Kitapta yabana atılmayacak bir tespit daha var:
“ABD’de siyah esirlerin, İncil’de durumlarının haksızlığını keşfetmemeleri için okumayı öğrenmeleri engelleniyordu.”
Demek ki burada kızılacak kesim asla ‘siyah esirler’ olamaz.
Bu nedenle siyasal aktörlerle yapılan bir mücadeleyi kaybedip hıncını destekçilerinden çıkarmak olur şey mi? Ancak bizde yapılan aynen budur.
“O da aklını kullansaydı da oy vermeseydi canım!” diyemezsiniz. Sizin ‘akıl’ dediğiniz şey aslında sizin tek taraflı kabulünüzdür. Zira size akılcı gelen şey içinde yaşadığınız kültürün dayatmasıyla vücut bulmuştur. Size rasyonel gelenin ona da gelmesi beklenmemelidir.

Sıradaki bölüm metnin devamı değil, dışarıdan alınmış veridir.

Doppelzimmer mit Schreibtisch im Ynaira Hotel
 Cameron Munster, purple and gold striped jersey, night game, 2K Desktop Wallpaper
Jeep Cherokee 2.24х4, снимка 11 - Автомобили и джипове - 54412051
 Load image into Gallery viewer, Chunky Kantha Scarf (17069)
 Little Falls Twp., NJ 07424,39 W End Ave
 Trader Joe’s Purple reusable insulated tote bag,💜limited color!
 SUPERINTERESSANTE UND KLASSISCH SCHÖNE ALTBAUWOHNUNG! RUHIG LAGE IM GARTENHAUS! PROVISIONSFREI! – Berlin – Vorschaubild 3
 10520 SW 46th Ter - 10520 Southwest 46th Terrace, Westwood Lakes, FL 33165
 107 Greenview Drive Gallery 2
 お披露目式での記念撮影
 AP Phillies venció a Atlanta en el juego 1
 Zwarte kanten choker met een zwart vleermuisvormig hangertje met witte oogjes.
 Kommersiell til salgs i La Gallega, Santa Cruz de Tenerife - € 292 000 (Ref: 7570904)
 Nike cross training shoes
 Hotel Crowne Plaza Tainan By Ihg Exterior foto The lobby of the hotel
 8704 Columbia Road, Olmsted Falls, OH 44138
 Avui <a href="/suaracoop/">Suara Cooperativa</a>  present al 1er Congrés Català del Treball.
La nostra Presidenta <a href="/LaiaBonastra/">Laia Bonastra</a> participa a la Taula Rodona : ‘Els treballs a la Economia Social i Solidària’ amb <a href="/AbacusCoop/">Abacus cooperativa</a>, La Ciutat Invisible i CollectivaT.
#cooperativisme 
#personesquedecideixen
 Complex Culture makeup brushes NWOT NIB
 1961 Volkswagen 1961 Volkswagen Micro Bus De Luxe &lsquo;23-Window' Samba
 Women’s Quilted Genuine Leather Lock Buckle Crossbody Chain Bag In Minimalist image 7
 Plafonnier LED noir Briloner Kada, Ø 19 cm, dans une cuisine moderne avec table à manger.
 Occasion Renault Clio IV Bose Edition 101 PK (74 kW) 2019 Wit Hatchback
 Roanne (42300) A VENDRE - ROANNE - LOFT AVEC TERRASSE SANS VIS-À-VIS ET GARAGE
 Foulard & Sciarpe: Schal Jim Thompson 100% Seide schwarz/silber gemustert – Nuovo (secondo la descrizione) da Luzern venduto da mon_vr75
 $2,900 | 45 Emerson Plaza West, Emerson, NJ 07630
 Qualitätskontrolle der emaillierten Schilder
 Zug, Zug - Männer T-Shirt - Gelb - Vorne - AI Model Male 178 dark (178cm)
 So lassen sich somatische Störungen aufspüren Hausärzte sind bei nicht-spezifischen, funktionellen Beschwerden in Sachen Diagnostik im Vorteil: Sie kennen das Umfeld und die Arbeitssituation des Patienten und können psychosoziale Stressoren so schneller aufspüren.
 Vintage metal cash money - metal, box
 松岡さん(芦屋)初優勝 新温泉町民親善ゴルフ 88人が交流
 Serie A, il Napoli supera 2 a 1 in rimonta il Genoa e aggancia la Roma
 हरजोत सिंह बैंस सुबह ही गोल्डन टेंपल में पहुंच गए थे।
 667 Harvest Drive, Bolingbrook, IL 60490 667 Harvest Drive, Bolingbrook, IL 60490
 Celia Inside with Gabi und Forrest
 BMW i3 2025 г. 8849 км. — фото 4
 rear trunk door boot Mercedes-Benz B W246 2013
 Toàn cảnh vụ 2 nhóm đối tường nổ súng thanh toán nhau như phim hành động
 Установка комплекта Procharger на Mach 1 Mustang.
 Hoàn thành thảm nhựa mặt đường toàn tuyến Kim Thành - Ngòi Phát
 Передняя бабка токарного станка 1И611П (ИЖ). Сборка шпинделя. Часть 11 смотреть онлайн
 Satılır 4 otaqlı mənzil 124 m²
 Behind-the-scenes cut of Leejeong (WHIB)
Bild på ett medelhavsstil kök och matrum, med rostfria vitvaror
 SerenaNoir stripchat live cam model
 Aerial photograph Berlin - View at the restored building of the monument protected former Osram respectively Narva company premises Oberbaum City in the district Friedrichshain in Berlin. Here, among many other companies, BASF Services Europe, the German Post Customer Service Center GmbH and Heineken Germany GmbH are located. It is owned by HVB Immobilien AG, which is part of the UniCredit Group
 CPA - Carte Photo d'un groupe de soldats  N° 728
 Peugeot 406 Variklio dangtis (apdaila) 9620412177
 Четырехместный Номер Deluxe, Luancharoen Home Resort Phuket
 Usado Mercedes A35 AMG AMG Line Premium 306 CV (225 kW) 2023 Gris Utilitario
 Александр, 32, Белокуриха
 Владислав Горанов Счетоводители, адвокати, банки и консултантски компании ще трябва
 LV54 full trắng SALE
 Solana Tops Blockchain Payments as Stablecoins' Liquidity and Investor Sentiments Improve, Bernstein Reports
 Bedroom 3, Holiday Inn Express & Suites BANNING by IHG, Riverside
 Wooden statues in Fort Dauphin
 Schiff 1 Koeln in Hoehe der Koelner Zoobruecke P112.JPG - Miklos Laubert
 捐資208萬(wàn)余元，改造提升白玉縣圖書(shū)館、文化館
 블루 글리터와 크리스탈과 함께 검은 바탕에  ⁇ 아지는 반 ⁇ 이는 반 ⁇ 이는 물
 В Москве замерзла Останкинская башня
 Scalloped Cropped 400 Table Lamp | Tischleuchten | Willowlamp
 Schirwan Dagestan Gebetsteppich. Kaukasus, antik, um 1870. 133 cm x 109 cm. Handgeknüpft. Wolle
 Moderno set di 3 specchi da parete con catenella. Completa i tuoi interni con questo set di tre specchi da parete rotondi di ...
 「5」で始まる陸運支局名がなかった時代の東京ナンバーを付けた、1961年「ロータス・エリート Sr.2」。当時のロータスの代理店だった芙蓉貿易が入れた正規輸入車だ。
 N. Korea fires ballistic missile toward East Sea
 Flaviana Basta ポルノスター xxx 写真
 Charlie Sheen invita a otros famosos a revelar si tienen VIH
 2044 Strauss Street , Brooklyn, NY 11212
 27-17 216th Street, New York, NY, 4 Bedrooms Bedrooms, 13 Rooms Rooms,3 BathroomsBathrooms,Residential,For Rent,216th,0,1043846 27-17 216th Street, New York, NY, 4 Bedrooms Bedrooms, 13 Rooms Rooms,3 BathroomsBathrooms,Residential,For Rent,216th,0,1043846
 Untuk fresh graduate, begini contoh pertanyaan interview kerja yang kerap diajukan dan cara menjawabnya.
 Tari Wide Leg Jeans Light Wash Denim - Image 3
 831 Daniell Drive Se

Kendini bütün hatalardan âri görüp bütün olayı bir başkasının üzerine yıkmak sorumluluk çarpıtmasıdır.
Haklılığımızı ve gücümüzü eşitlerimiz yani alttakiler üzerinden tatmin etmek sadece karşı tarafın direncini artırır.
Çare dinamiklerin kaynağına inmektir.
Victor Hugo “Alt sınıftaki sefalet üst sınıftaki insanlıktan çoktur” demiş.
Bu anlamda hesap sorulacak merci ‘alttakiler’ değil, ‘üsttekiler’ olmalıdır.
“Benim birey olarak ne gücüm var?” diyemezsiniz!
Cevabını Eski Rahip Pierre’den alalım:
“Siz, tüm iktidarınızla aslanlarsınız; biz ise pireyiz. Ama aslanların pireleri ısırdığı görülmezken, pirelerin aslanları ısırdığı bir gerçektir. Bizden korkmakta haklısınız; biz sizden daha güçlüyüz.”
Demokrasilerde ‘ısırmanın’ birçok yöntemi vardır.
Ancak her şeyden önemlisi eşitlerimizin bizden farklı tercihlerini çözmek zorundayız. Muhataplarımızı ‘Kim, nerede ve nasıl biçimlendiriyor?’ sorusu en büyük ipucudur.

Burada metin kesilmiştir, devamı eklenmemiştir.